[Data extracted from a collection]
================

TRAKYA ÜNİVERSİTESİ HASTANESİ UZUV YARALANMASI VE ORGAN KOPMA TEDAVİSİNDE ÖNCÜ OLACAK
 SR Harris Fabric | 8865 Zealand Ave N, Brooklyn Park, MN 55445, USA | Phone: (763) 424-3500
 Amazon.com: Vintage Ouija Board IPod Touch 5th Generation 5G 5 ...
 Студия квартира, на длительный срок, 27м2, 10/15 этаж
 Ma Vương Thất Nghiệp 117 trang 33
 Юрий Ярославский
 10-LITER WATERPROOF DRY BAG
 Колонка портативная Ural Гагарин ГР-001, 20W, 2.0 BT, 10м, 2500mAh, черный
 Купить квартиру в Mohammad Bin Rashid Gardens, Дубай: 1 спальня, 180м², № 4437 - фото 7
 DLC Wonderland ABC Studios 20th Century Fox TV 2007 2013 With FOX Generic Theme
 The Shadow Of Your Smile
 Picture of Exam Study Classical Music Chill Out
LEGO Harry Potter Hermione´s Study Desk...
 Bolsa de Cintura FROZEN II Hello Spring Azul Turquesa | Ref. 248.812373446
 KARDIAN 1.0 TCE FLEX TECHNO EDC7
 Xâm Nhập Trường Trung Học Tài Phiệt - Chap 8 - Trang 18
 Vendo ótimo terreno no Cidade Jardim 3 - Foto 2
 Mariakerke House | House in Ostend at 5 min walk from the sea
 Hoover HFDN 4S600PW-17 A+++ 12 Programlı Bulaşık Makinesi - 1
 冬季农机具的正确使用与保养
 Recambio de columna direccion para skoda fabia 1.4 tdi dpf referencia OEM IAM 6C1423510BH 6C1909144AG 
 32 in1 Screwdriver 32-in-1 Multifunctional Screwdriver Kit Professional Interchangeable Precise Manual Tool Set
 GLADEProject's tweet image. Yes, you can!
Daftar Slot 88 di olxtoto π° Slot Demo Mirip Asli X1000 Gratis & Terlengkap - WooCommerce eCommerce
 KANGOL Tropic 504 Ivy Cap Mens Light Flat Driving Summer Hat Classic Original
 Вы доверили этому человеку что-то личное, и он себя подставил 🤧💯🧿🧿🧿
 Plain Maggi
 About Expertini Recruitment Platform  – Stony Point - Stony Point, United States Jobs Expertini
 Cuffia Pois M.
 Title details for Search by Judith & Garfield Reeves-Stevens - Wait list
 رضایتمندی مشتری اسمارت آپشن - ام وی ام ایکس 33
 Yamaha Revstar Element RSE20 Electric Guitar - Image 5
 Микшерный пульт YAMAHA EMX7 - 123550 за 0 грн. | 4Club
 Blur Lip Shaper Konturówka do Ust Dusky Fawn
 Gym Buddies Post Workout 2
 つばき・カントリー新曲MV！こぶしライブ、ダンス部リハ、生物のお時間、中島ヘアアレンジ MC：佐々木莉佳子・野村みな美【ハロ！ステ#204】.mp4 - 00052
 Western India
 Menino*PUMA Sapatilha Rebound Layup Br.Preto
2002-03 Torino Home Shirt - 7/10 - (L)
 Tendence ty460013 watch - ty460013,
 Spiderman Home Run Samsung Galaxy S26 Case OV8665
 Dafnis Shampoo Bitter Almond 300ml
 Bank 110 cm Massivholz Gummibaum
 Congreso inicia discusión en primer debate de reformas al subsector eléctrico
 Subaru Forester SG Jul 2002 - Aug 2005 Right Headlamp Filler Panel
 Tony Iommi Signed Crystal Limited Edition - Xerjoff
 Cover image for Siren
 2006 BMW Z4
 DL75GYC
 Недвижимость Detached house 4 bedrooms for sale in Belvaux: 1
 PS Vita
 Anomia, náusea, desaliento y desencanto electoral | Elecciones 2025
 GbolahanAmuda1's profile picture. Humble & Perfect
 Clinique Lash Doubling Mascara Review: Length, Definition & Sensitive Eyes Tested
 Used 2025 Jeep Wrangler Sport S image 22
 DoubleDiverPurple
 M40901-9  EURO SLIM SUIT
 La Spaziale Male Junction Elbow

================

> Your assignment:
Each line holding the word "Study" must be pulled from the records.

> Output for this exercise:
 Picture of Exam Study Classical Music Chill Out
LEGO Harry Potter Hermione´s Study Desk...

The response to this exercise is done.